Hij krijgt meer, maar dan moet hij eerst een kus op de wang geven. Oppasser Timmermans doet het een keer voor en dan is het mijn beurt. Ik wijs met mijn wijsvinger naar mijn wang. Billy schiet naar voren en drukt zijn natte snoet met een flinke vaart tegen mijn wang. Wat zachtzinniger mag ook wel, denk ik. Voor zijn kunstje krijgt de lobbes een lekkere vis.

Voordat ik mest ga scheppen bij de bizons moeten de wasberen nog wat te eten krijgen. Bewapend met wat simpele hondenbrokken ga ik op weg naar het verblijf. Het terrein blijkt echter uitgestorven. Het voer dat ik op de grond gooi, blijft onaangeroerd liggen.

Timmermans legt uit dat ik de diertjes moet lokken door een keer met de emmer te schudden. Ik rammel wat met de brokken en... jawel! Opeens komen er verschillende was­beren aangedrenteld. Met hun grijpgrage handjes hebben ze het voer zo te pakken. Een voor een peuzelen ze de brokjes op.

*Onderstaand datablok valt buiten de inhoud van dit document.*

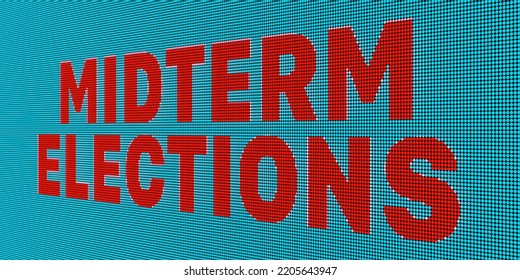 Midterm Election In USA. Red LED Board With The Text, Midterm Election. Politics, Government And Voting Concept. 3D Illustration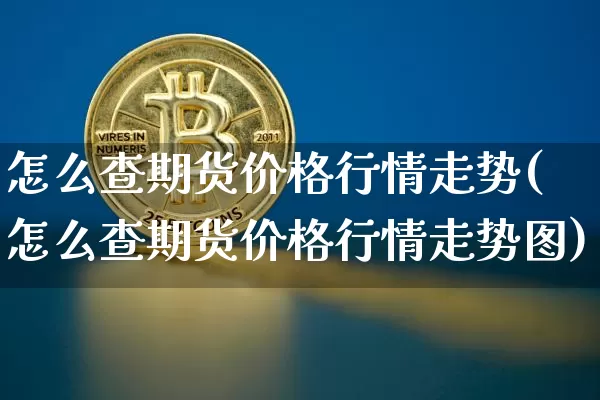 怎么查期货价格行情走势(怎么查期货价格行情走势图)_https://www.czytfl.com_期货交易_第1张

De bizons staan ondertussen al te trappelen om te verhuizen. Want voordat hun verblijf kan worden uitgemesten moeten ze in een naastgelegen weide worden geplaatst. Met behulp van zware gewichten zet ik langzaam een schuifdeur in beweging. Het gaat de enorme stier Clint allemaal niet snel genoeg. Hij beukt met zijn grote kop tegen de deur. Tot overmaat van ramp schudt hij zich nog eens flink uit. De modderspetters vliegen me om de oren.

Na een paar minuten zijn alle bizons –behalve een koppige– in de andere weide te vinden. Vanwege die ene is het te gevaarlijk voor mij om drollen te gaan scheppen. Dat vieze karweitje laat ik mooi aan de echte dierenverzorgers over.

Viskeuken

In het Oceanium is er wel genoeg te doen. Met een karretje uit de viskeuken ga ik op pad om allerlei soorten vissen te voeren, waaronder haaien. En dat allemaal achter de schermen – waar je als bezoeker nooit komt.

Met een handschoentje gooi ik een stel garnaaltjes in het water. De zalmen spartelen en krioelen aan het oppervlak. Ze proberen allemaal hun deel te bemachtigen.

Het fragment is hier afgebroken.